In neutrophils of patients with MYH9-related disorder, nonfunctional myosin-9 clumps to form hallmark inclusion bodies, which are seen on the peripheral blood smear. Macrothrombocytopenia, another hallmark of MYH9-related disorder, also can be seen on the peripheral smear of all affected patients. Approximately 30%of patients develop clinical manifestations of the disorder (eg, bleeding, renal failure, hearing loss, presenile cataracts). Bleeding tendency usually is mild; epistaxis and menorrhagia are the most common hematologic manifestations.⁴

We attribute the lower leg hyperpigmentation in our patient to a severe phenotype of MYH9-related disorder. In addition to hyperpigmentation, our patient had menorrhagia requiring treatment with tranexamic acid, renal failure, and hearing loss, further pointing to a more severe phenotype. Furthermore, it is likely that our patient’s hyperpigmentation was made worse by hydroxychloroquine and a coexisting diagnosis of mixed connective tissue disease, which led to a propensity for increased vessel fragility in the setting of thrombocytopenia.

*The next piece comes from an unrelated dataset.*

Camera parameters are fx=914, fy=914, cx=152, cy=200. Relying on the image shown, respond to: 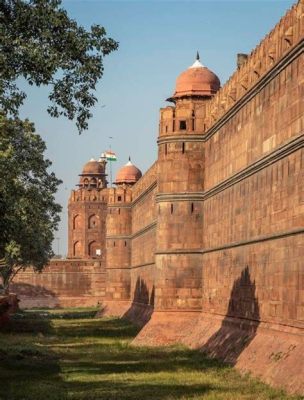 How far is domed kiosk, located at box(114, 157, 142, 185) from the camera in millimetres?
67375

The workup of suspected MYH9-related disorder includes exclusion of iron-deficiency anemia, which can increase bleeding in patients with the disorder. The presence of small red blood cells (RBCs) in microcytic anemia and large platelets of MYH9-related disorder can lead to a situation in which platelets travel near the center of the lumen of blood vessels, while RBCs travel to the periphery. This decrease in the platelet-endothelium interaction increases the risk for bleeding. Our patient’s hemoglobin level was within reference range, without evidence of iron-deficiency anemia. Correction of iron-deficiency anemia, if applicable, can prevent bleeding brought on by the mechanism of decreased platelet-endothelium interaction and avoid unnecessary antiplatelet medication because of misdiagnosis based on an erroneous platelet count.

The workup of MYH9-related disorder also should include audiography, ophthalmologic examination, and renal function testing for hearing loss, cataracts, and renal disease, respectively. Referral to genetics also may be warranted.

It also is of clinical interest that automated cell counters may underestimate the count of abnormally large platelets in MYH9-related disorder, counting them as RBCs or white blood cells. The platelet count in MYH9-related disorder may be underestimated by 4-fold or greater.^4-7

Treatment of leg hyperpigmentation can prove challenging, given the location of dermal hemosiderin. Topical therapy likely is ineffective. Lasers and intense pulsed light therapy are treatment modalities to consider for the hyperpigmentation of MYH9-related disorder. There have been reports of improved cosmesis in dermal hemosiderin depositional disorders, such as venous stasis.⁴ Our patient was given ammonium lactate lotion to thicken collagen, possibly preventing future bleeding episodes.